The same is true in business. You’re about to make a change. Maybe it’s a new product or a new market. Maybe you’re thinking about hiring that person you’ve been putting off for a while. Maybe you have an opportunity to buy a business that’s right in your sweet spot. When you’re making these types of decisions it’s important to know what is lurking out there in your financial blind spot and how can you avoid an accident in your business that could cost you significant time or money.
- New Products and/or Geography: You’ve probably heard the saying “count the cost” before doing something. New products or geographic expansion typically require people to sell, manufacture and distribute goods and services. It would be nice if you could expand without adding people, but it’s unlikely. It’s a good idea to create a projection of how long it takes the new product/market to get to breakeven and then turn profitable. The total cost to get to break even is your investment and the profit you make will be the return on that investment. Is it worth it?

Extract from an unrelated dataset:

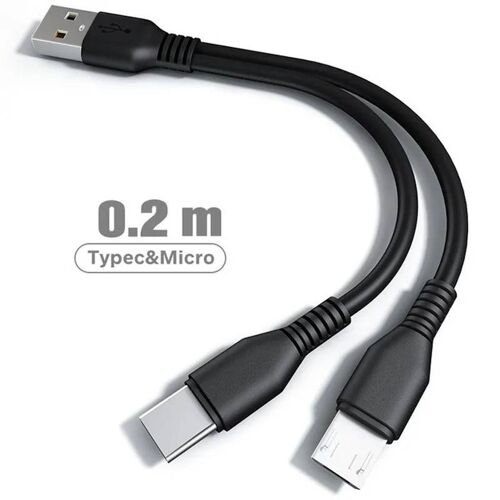 Câble Micro Usb C 2 En 1 Pour Téléphone Portable, Câble De Charge Rapide Pour Huaiwei Samgsung Xiaomi Type C 0.2m Micro Type C 0.2m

- Your Mix of Revenues is Changing: Not all product/services carry the same profit margin. Your gross margin is either creeping up or down and you haven’t noticed that your mix of revenues has changed. It’s important to understand what’s driving your changes in gross margin by breaking out your gross profit by product/service. You could be increasing volume in different products/services vs in the past or maybe you had a price increase in certain products or services. Whatever the change is, it’s not only important to understand what’s going on, but why.
- Your Overhead is Creeping Up: When times are good and the business is expanding, we tend not to look too hard at our overhead and when those expenses start creeping in to our net profit margin, sometimes we just don’t notice. It takes a significant downturn to get our attention. As part of monthly business review, take a hard look at your net profit margin and determine what’s going on with your operating expense. Have you added people, that aren’t creating efficiencies that improve your profit margin? Are insurance costs rising and you haven’t been able to pass on those increased costs to your customers? Have you spent more than normal on marketing, which haven’t really paid for themselves? Looking at each significant expense category and comparing it as a percentage of revenue over time can give you an idea as to which expenses are increasing. Again, it’s also important to know what has increased and why it increased.